The data provides a global geological map of the asteroid showing that its entire surface appears to be covered in phyllosilicates, an important group of clay minerals. Two specific clays are identified: one that is magnesium-rich, the second an ammonium-rich species. There seems to be little or no pattern to the distribution of the two minerals—they are both almost everywhere.

This ubiquity is what is important. The minerals could not have been formed in a local event, such as an impact into an ice-filled crater. They must have been produced by planet-wide alteration, presumably implying there must have been volumes of water. It is clear that enormous quantities of liquid water are not present on Ceres now. But the signal of water-ice has been detected in at least one crater.

Because the temperature of Ceres is relatively warm (between -93℃ and -33℃), water-ice exposed at the surface would rapidly convert into a gas in such a low-pressure environment. So the discovered traces of water-ice suggest some underground ice was recently exposed and that there must be some mechanism to explain how the surface was disturbed in this way. Some researchers think that the answer is cryovolcanism, where subsurface layers of mixed ice and minerals percolate slowly to the surface through cracks and fractures, or more swiftly following an impact. If the minerals are chlorides, then a low temperature brine can keep the subsurface layer mobile.

Ice flows

As well as a geological map of Ceres, we also have a picture of Ceres' global geomorphology (its surface features). This shows that the surface of Ceres is peppered with impact craters, although the craters are not distributed evenly over the surface. Much more interesting are the three distinct types of mineral flow across the landscape, produced by the movement of ice-rich material, landslides or blankets of ejected particles following impact into ice-rich material. The distribution of the flow types varies with latitude—and the researchers think this means different surface layers of the asteroid contain different amounts of ice.

One of the most remarkable results is the detection of a sudden burst of highly energetic electrons over a period of around a week in June 2015, coinciding with a solar proton storm. The researchers think the protons fired out by the sun interacted with particles in Ceres' weak atmosphere, creating a shock wave that accelerated the electrons. Based on observations by the Hubble Space Telescope, Ceres is believed to have a tenuous exosphere (outer atmosphere) of water vapor. The results from Dawn suggest that this may indeed be the case.

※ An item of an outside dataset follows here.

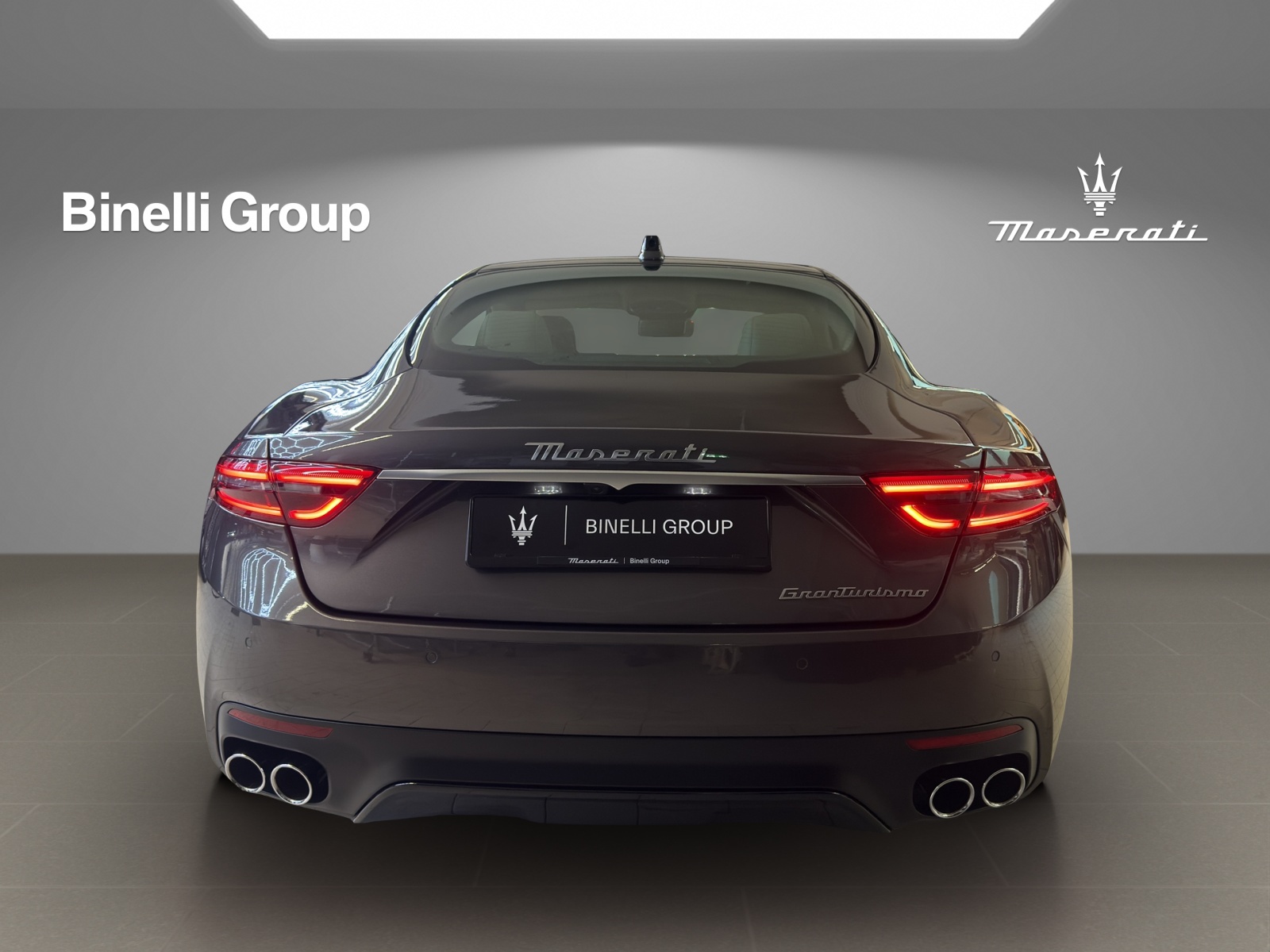 MASERATI GranTurismo Modena Automatica - Grigio Maratea - 2.99% Leasing-image-22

Together, this new set of information shows that Ceres is a world that has been shaped by a series of events, with a strong crust of magnesium- and ammonium-bearing phyllosilicates overlying an interior of briny ice and hydrated minerals. What other hidden secrets will be revealed as research continues on the trove of data from Ceres? Questions still remain about the variety of mineral deposits, the depth of the subsurface ice-rock layer, and, of course, the potential for organic material on the minor planet. The harvest from Ceres so far has been rich and promises to keep us busy for years to come.

Monica Grady is professor of Planetary and Space Sciences at The Open University.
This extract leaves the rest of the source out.